┌────────

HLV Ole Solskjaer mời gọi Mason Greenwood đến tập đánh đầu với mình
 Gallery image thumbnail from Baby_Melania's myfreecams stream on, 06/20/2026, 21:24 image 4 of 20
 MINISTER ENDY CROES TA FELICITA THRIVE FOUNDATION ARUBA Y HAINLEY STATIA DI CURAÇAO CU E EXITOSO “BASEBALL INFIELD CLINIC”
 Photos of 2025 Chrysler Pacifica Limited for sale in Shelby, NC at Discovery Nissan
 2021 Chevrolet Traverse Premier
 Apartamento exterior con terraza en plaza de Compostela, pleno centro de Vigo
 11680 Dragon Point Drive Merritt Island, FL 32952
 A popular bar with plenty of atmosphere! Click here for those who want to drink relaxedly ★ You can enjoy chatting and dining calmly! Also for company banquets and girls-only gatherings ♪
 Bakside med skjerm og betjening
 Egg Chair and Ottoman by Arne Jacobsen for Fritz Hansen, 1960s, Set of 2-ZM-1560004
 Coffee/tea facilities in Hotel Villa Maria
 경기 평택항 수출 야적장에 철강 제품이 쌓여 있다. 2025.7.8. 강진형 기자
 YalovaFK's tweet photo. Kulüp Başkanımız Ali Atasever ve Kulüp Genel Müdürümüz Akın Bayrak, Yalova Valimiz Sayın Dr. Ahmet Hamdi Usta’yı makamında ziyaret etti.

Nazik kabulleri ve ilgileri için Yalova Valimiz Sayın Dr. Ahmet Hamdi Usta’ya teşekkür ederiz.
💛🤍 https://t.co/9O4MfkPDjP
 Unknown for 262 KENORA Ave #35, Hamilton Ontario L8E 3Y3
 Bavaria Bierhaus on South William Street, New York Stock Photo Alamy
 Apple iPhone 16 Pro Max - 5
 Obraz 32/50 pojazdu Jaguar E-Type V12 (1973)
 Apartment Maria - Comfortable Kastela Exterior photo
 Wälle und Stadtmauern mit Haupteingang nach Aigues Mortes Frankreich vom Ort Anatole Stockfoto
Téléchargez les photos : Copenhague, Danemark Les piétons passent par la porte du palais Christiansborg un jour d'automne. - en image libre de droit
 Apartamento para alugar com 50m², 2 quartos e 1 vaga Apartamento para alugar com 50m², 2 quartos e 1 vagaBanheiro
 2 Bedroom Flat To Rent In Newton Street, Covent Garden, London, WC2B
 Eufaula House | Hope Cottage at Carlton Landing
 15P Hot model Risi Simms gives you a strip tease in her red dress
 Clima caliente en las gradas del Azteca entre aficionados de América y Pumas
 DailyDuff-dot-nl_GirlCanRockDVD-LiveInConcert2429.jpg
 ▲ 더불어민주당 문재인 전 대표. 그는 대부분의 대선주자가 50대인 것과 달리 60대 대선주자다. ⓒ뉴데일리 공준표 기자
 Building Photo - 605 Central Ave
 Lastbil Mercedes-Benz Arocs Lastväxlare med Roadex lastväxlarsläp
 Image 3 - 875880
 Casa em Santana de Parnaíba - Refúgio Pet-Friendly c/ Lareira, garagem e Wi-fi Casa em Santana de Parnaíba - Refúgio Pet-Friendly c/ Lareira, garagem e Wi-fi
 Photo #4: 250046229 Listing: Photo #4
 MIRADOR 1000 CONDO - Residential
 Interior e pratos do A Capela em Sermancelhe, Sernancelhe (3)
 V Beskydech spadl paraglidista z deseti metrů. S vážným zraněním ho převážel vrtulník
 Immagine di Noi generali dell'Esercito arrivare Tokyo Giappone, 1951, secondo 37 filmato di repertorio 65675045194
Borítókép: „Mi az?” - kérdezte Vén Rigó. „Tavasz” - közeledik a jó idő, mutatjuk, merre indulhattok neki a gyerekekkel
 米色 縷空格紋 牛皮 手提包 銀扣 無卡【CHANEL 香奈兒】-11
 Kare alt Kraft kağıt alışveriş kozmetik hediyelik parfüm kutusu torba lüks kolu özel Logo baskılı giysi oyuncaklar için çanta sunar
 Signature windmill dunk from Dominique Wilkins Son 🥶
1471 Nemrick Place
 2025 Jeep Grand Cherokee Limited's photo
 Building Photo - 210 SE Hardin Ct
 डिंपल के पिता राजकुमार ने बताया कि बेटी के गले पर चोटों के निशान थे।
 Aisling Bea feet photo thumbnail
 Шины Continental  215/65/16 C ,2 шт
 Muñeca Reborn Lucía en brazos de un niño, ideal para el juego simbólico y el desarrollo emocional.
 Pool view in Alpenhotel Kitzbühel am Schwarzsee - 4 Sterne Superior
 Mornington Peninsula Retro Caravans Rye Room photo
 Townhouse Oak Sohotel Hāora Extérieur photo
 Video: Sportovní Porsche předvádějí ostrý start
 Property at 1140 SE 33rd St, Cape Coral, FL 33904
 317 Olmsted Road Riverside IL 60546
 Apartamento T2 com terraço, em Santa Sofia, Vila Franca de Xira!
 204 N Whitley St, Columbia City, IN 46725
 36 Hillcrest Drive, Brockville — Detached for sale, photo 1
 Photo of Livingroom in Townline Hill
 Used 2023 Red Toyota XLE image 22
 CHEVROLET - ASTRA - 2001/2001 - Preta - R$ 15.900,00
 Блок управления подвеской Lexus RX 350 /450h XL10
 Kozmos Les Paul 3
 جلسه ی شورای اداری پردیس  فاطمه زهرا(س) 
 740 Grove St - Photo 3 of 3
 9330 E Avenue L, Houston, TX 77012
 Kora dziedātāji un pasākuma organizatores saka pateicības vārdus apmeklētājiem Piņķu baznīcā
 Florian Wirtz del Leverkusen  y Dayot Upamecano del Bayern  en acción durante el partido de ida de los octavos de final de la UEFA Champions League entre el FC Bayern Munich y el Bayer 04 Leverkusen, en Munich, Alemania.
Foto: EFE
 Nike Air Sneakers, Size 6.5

└────────

Taking the lines above, repeat exactly those from the line that contains "YalovaFK's tweet photo." through the line that contains "Téléchargez les photos", and both of those lines as well. Include nothing else.

Reply →
 YalovaFK's tweet photo. Kulüp Başkanımız Ali Atasever ve Kulüp Genel Müdürümüz Akın Bayrak, Yalova Valimiz Sayın Dr. Ahmet Hamdi Usta’yı makamında ziyaret etti.

Nazik kabulleri ve ilgileri için Yalova Valimiz Sayın Dr. Ahmet Hamdi Usta’ya teşekkür ederiz.
💛🤍 https://t.co/9O4MfkPDjP
 Unknown for 262 KENORA Ave #35, Hamilton Ontario L8E 3Y3
 Bavaria Bierhaus on South William Street, New York Stock Photo Alamy
 Apple iPhone 16 Pro Max - 5
 Obraz 32/50 pojazdu Jaguar E-Type V12 (1973)
 Apartment Maria - Comfortable Kastela Exterior photo
 Wälle und Stadtmauern mit Haupteingang nach Aigues Mortes Frankreich vom Ort Anatole Stockfoto
Téléchargez les photos : Copenhague, Danemark Les piétons passent par la porte du palais Christiansborg un jour d'automne. - en image libre de droit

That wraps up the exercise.